CONCLUSIONS: Results suggest that a few pesticides in use might account for most of the concern for aquatic life. These pesticides with exceedances of the ecotoxicological thresholds are checked for a possible regulatory action. Implementing further risk mitigation measures might be advisable to reduce the exposure in aquatic systems. This evaluation is an ongoing process. When further RAC values are available, currently Switzerland is re-evaluating authorized pesticides, monitoring data can be evaluated accordingly.

Background

Agriculture is practiced in Switzerland on an agricultural area of 10,51,063 ha which corresponds to 25 % of Switzerland’s surface [1], in relation to monitoring data from 2005 to 2012. To guarantee a profitable harvest and quality of the agricultural products, fertilizers and plant protection products are used.

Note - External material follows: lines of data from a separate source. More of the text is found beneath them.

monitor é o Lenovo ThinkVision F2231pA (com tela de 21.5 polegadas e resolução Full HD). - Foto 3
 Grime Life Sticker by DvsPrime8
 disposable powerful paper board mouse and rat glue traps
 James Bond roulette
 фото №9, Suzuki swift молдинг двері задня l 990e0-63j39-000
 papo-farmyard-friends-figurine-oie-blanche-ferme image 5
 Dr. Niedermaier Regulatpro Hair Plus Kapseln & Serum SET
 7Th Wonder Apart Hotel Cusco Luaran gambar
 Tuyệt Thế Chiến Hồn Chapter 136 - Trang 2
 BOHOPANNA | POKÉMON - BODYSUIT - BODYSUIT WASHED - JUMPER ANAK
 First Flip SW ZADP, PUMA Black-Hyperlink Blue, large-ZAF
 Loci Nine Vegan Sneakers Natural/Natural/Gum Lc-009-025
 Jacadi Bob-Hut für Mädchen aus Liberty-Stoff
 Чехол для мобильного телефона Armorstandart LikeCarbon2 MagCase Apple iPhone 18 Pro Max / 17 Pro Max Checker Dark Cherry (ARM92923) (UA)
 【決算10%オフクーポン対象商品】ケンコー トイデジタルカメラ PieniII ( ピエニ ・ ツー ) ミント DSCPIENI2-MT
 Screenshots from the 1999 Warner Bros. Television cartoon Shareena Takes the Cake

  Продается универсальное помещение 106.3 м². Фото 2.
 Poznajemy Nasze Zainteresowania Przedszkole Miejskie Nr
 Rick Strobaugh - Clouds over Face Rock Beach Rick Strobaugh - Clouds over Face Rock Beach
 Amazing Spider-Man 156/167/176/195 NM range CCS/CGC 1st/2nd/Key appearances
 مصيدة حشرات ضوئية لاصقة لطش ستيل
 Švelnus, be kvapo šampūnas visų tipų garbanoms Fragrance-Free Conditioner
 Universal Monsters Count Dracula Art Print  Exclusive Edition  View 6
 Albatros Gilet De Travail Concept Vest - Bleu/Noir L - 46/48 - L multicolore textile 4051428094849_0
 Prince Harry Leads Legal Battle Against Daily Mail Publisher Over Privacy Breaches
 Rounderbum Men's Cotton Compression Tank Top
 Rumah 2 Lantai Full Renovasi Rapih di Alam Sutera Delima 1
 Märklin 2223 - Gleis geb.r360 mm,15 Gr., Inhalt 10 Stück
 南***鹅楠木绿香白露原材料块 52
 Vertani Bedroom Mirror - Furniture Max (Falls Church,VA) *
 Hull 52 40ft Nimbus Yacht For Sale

It is a declared aim of the agricultural policy in Switzerland to secure a powerful and sustainable agriculture while ensuring no unacceptable impact on the environment [2]. Agricultural areas are intensively used for production, but they are also habitats for a variety of plants and animals [3]. Around 80 % of the Swiss surface waters are small streams and border often directly to agricultural land. They are important habitats for aquatic life [4].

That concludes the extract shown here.